Start of Dataset entries

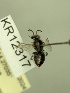  (Leioproctus KB179 - KR12317)  @11 [ ] CreativeCommons Attribution NonCommercial ShareAlike (2054) Remko Leijs South Australian Museum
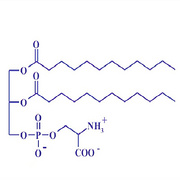 phosphatidylserine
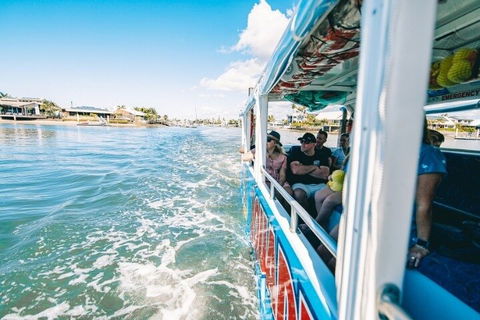 Aquaduck Sunshine Coast - Accommodation Brisbane 5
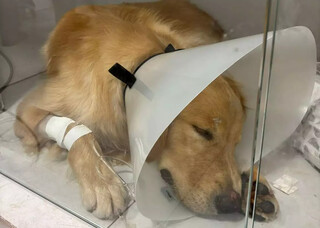 Bento foi adotado e desesperou nova fam&iacute;lia com crise de epilepsia 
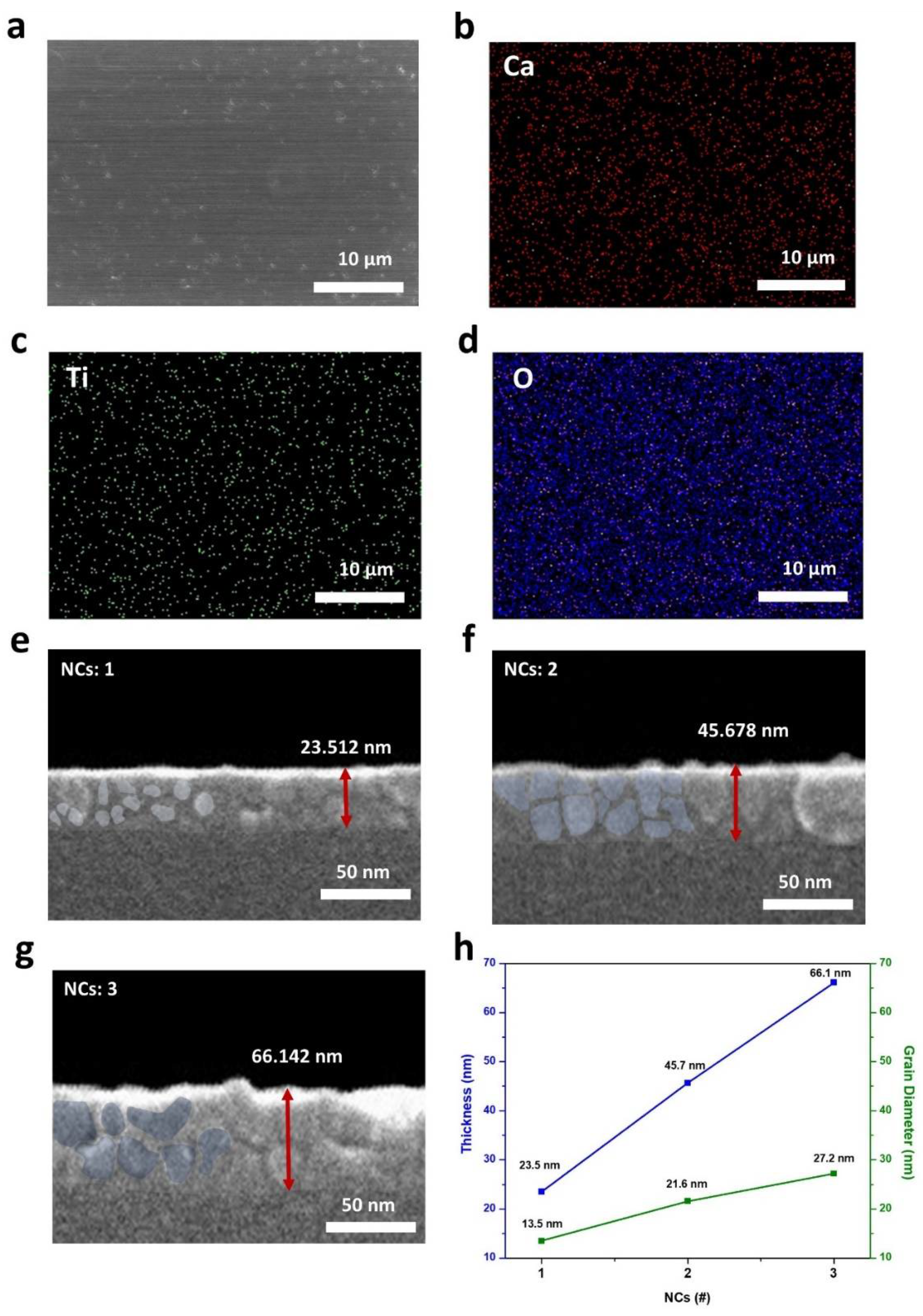 Molecules 26 05446 g004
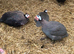 Happy healthy young Guinea fowl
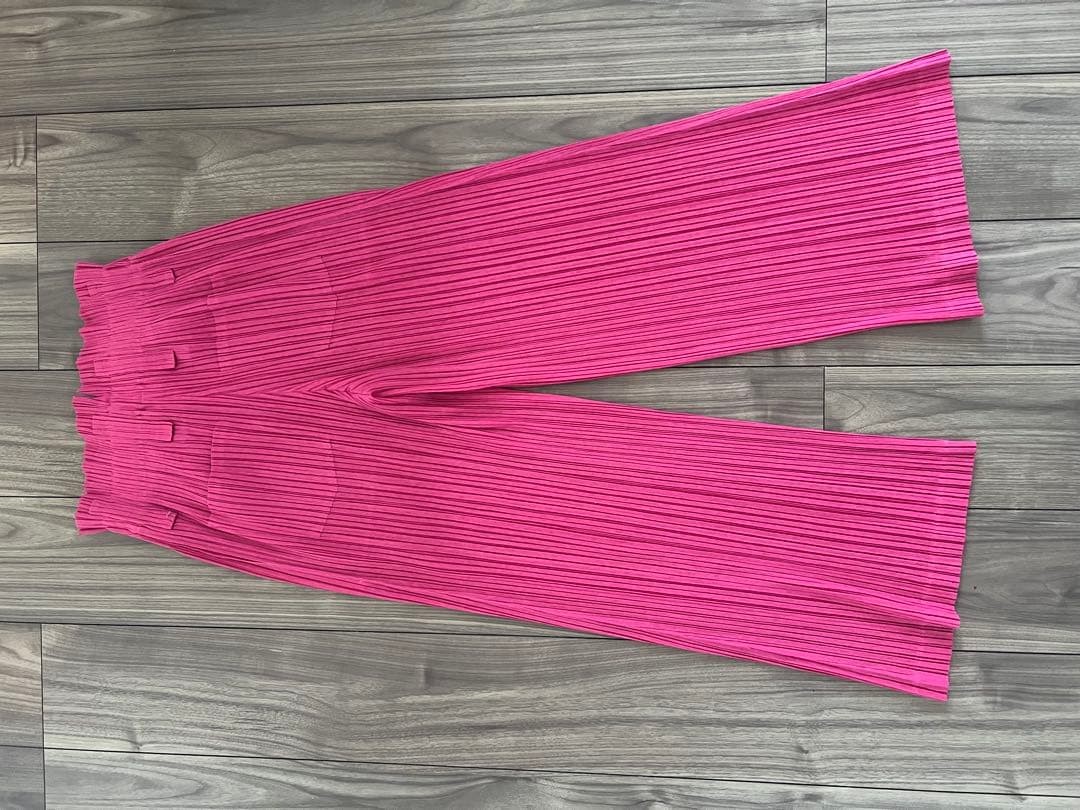 PLEATS PLEASE ISSEY MIYAKE Pants 4 Used | eBay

End of Dataset entries

◆ **Your goal**
Only the lines from the one containing "Bento foi adotado" through the last line of the data belong in the copy, both included and reproduced exactly. Pictures do not.

◆ **Problem solution**
 Bento foi adotado e desesperou nova fam&iacute;lia com crise de epilepsia 
 Molecules 26 05446 g004
 Happy healthy young Guinea fowl
 PLEATS PLEASE ISSEY MIYAKE Pants 4 Used | eBay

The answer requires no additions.